Below are only a few of our favorite sweet potato recipes.


Roasted Sweet Potatoes
Toss cubed sweet potatoes with other cut-up root vegetables, onions, garlic, and mushrooms with savory herbs, paprika, salt, and pepper. Roast at 400F for 40 min until tender. 20 minutes before the end of the roasting time, add asparagus or Brussels sprouts. It is not necessary or even desirable to use oil when roasting vegetables. We love to have this along side roasted portabello mushrooms, steamed cabbage, and roasted apples.

Rustic Gallette
1 onion, pureed
4 cloves garlic, minced
1 t. dried thyme (or 1 T. fresh) (or substitute 1/4 t. garam masala, cumin, and curry powder)
1/4 c. fresh parsley
1 t. powdered, dehydrated, salt-free, vegetable seasoning mix
1/2 c. white beans, pureed
1/2 c. unsweetened plant milk
Salt to taste
1/4 t. cayenne pepper
Paprika
Smoked Paprika
1 bunch kale, rinse well, remove large thick stems and finely chopped
2 medium sweet potato, thinly sliced (1/8 or thinner)
2 medium red potatoes, thinly sliced (1/8 or thinner)
8 oz. mushrooms, thinly sliced
Preheat oven to 425°F.  Cook onion, mushrooms, dehydrated vegetables, and garlic over lowest heat until mushrooms begin to turn golden. Meanwhile, puree white beans and plant milk. Add thyme, parsley, kale, and bean mixture to onions. Continue heating until just kale is wilted, about 5 minutes. Remove from heat. Arrange ½ of the thinly sliced potatoes on the bottom of a 9 inch round cake, overlapping so none of the pan is showing. Spread ½ of the kale mixture over the potatoes. Arrange sweet potatoes over the kale mixture, making sure to overlap. Spread the remaining kale mixture and top with the other ½ of thinly sliced potatoes shingles. Press galette down until compact. Sprinkle with paprika and smoked paprika. Bake in pre-heated oven for 45 minutes until potatoes are tender with crispy edges. Cut galette into wedges and serve with spinach raspberry salad and baked apples.
Chipotle Limas       

2 c. dried lima or butter beans (or black beans or lentils)
½  onions, chopped or puréed
2 cloves garlic, minced
16 oz. tomatoes, puréed
1 orange, zest and juice
1 ***chipotle chili in adobo sauce, puréed with onion
1 t. oregano
1 T. cumin
½ t. salt
¼ t. pepper
1 sweet potato or yam, peeled and cubed
½ c. chopped cilantro, half for garnish reserved

*** Do not use the whole can. Use ¼ -2 chilies.

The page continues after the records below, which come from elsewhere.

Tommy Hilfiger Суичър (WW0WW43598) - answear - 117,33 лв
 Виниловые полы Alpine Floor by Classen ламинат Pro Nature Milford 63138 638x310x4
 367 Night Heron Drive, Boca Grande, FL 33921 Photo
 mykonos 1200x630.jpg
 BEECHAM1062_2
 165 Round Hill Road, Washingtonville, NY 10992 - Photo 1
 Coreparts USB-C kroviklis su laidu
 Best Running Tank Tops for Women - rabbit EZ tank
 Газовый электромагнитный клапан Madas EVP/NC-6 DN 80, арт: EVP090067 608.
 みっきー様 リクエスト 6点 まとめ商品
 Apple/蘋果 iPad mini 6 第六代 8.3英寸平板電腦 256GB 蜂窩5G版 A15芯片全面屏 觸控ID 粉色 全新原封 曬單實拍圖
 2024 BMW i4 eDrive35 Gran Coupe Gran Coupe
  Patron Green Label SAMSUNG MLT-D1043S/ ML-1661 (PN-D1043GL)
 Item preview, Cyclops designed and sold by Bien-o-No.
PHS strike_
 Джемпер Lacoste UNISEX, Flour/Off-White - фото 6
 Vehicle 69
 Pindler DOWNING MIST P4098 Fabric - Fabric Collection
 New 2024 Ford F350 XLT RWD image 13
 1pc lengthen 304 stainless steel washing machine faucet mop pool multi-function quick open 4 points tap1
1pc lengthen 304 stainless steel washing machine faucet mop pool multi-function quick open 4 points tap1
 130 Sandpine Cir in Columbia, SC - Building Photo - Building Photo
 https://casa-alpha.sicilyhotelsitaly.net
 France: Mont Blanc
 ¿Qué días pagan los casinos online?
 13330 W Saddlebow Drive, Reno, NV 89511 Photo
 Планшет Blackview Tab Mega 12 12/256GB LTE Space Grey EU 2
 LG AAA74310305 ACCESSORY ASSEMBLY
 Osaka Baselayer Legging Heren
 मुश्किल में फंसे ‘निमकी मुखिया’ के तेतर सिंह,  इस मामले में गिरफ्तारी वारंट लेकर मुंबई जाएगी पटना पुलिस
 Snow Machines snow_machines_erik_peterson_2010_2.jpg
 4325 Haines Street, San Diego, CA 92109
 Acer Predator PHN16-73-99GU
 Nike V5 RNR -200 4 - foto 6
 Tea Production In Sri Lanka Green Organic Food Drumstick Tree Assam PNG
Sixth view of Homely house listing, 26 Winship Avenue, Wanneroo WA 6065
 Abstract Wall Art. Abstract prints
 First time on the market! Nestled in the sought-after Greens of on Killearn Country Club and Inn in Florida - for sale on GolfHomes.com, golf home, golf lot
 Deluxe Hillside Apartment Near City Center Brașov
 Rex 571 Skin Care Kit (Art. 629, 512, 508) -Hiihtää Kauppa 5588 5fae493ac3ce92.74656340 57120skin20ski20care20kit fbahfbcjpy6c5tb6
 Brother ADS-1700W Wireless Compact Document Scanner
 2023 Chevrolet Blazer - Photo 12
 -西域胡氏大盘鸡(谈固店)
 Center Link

Soak beans for 24-48 hours. Drain and rinse. Cook on low with just enough distilled water to cover for 6-8 hours. 60 minutes before dinner, steam onion, chilies, and garlic in water until soft in a small sauce pan. Add the remaining ingredients, except reserve to pot. Cook for 40 minutes or until sweet potato is soft. Purée sauce. Stir into beans. Sprinkle with cilantro. Serve with a large romaine salad and poached pears.